Badge of mystery
Charismatic candidate or embattled lawman—who is the real Sheriff Scott Jones?
Tyler Gunn watches a bleak light fade in the business park on a mid-October evening. There’s no sign of Sacramento County Sheriff Scott Jones yet, and Gunn, a college intern working on Jones’ campaign, can only shift his eyes toward a cawing noise that echoes across the parking lot’s oil-stained cement and plum trees. It’s emanating from a platoon of Democrats in baggy Ami Bera shirts, waving signs and holding bullhorns as they gather for what looks like a small, pre-debate tailgate party.
There is no assembly for Jones, but there doesn’t need to be when he’s within a razor-thin margin of defeating the two-time U.S. representative.

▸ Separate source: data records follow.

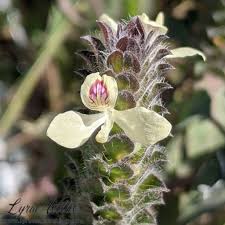 Image result for Acanthaceae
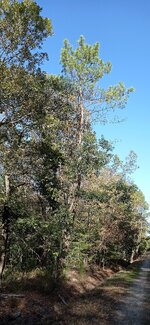 IMG_20231008_170933.jpg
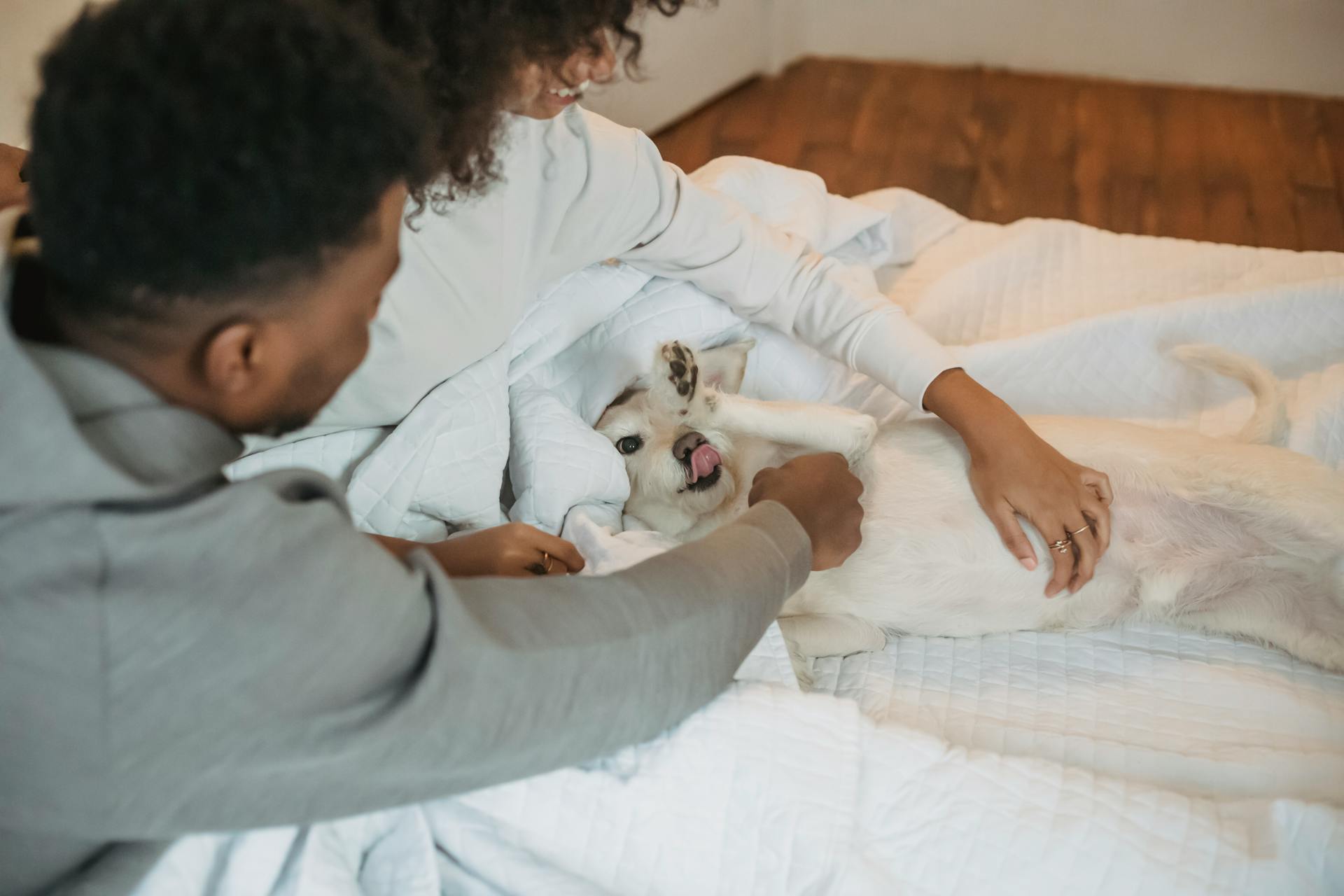 A couple playing with a dog in bed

With just an hour to go before the only debate in the race for the 7th Congressional District, Gunn notices the Bera crowd is mustering in a part of KVIE Public Television’s parking lot that’s generally not visible from any roads or freeways, aiming their demonstration at a small studio audience.

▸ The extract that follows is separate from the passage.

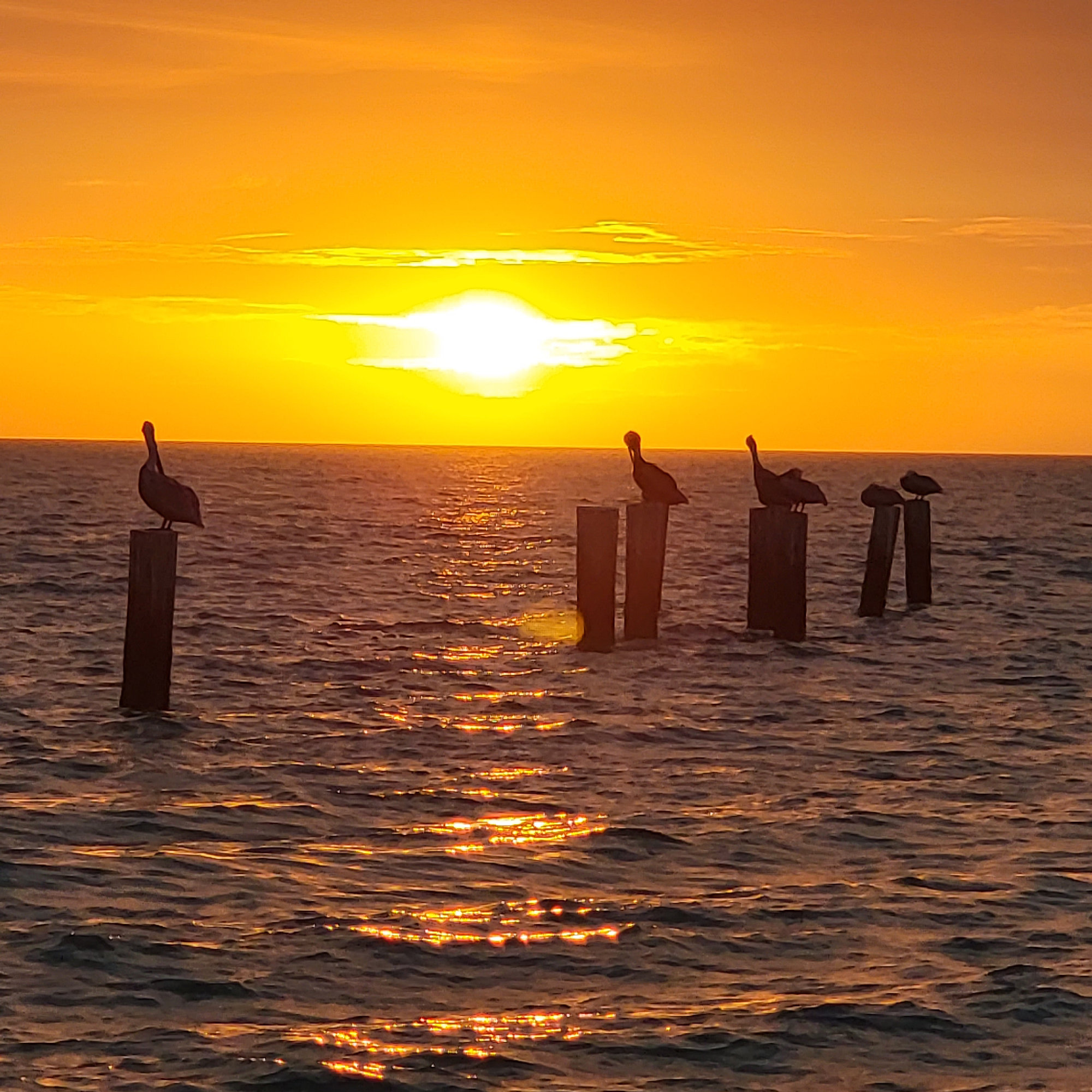 Naples, FL, US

He’s completely unimpressed. For Gunn, the spectacle is more evidence he’s spent the last months working for the right politician. He’s written a college paper about Jones. He’s spread the campaign’s message. And now he’s here to watch a man who, in the eyes of supporters, presents an image Bera struggles to match: forcefully articulate, personally charming and unabashedly confident.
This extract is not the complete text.